__Data extract__:
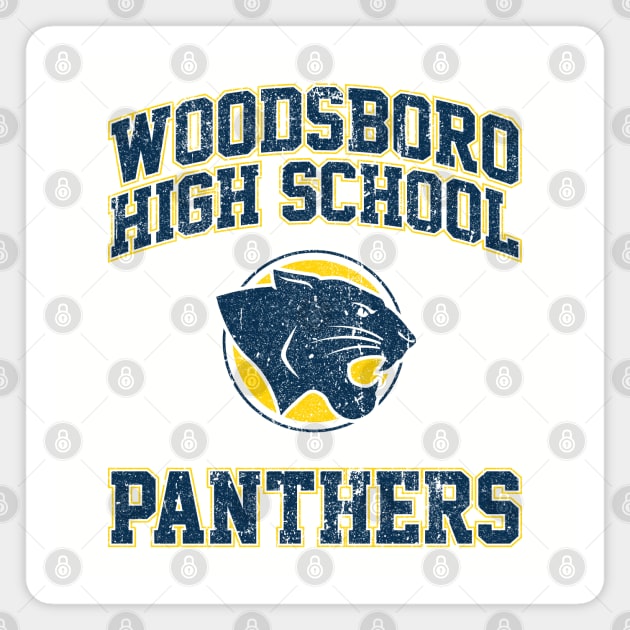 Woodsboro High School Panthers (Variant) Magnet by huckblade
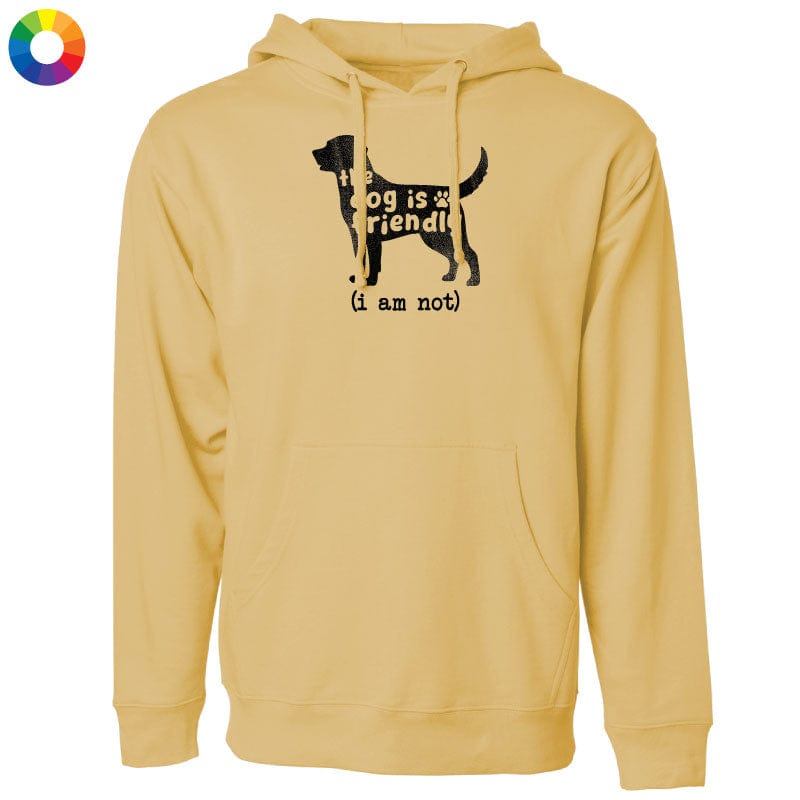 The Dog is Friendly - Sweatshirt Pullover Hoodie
...
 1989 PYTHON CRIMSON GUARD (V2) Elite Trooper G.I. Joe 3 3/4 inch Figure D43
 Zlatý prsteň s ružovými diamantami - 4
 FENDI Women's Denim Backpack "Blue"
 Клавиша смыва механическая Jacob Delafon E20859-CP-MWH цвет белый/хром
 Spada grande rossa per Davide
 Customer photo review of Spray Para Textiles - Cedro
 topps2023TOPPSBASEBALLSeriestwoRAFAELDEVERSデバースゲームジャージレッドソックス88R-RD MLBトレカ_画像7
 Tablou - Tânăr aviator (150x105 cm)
...
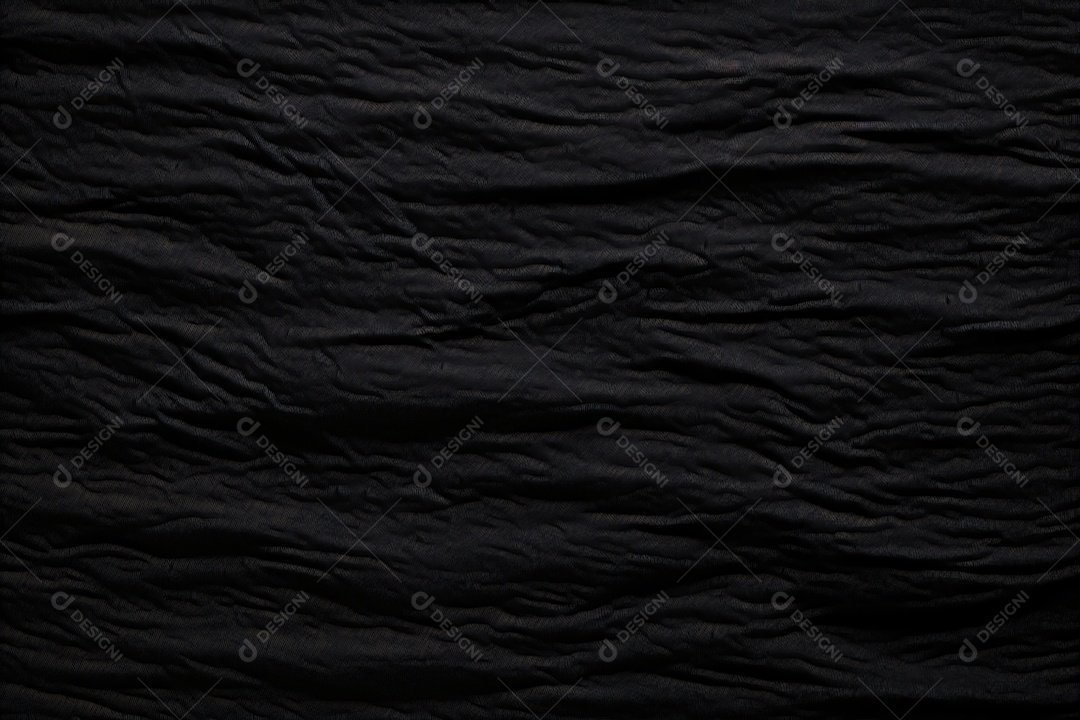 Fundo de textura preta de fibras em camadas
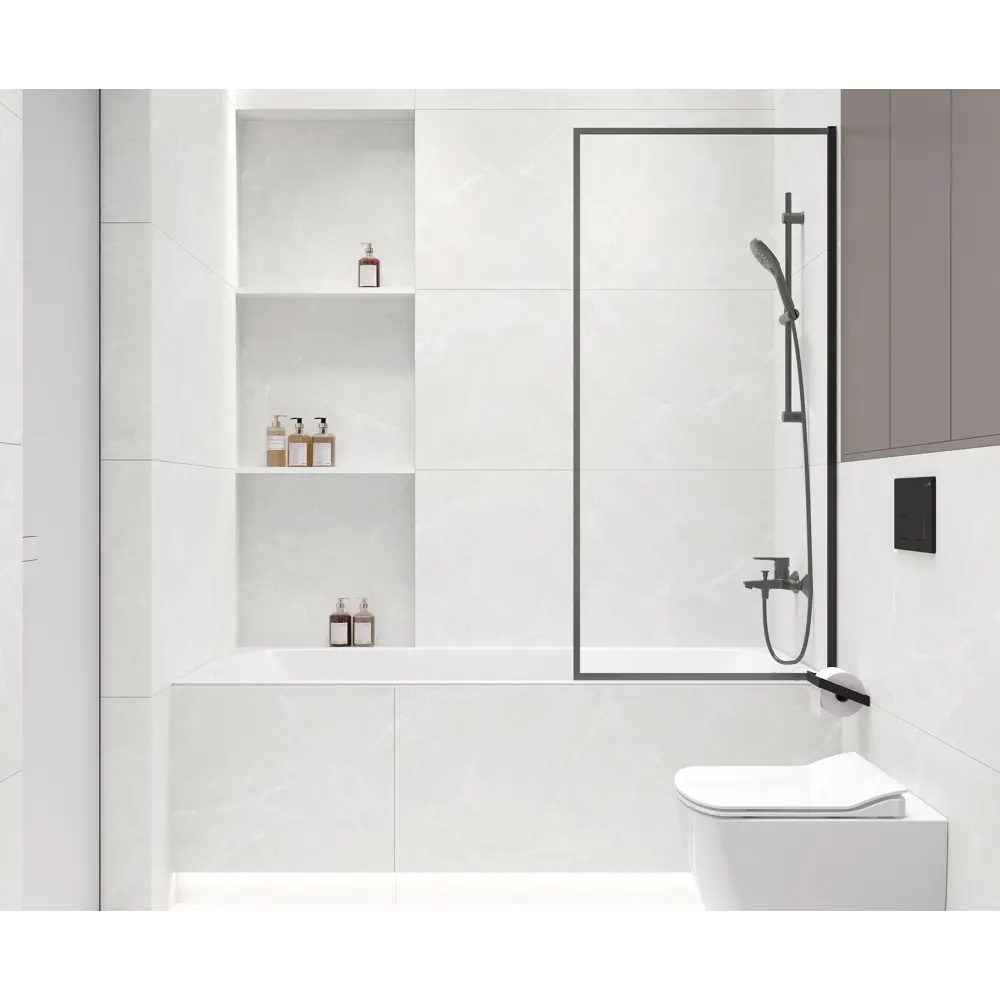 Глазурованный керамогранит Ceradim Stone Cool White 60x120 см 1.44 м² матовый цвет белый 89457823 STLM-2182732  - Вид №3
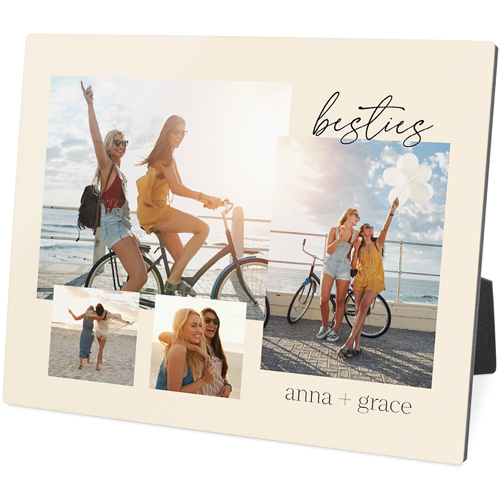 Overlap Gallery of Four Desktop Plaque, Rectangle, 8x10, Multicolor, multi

__Exercise description__:
Look above for the line containing "FENDI Women's Denim" and the line containing "Tablou - Tânăr aviator (150x105 cm)". Transcribe both, with the lines between them, exactly.

__Output of the exercise__:
 FENDI Women's Denim Backpack "Blue"
 Клавиша смыва механическая Jacob Delafon E20859-CP-MWH цвет белый/хром
 Spada grande rossa per Davide
 Customer photo review of Spray Para Textiles - Cedro
 topps2023TOPPSBASEBALLSeriestwoRAFAELDEVERSデバースゲームジャージレッドソックス88R-RD MLBトレカ_画像7
 Tablou - Tânăr aviator (150x105 cm)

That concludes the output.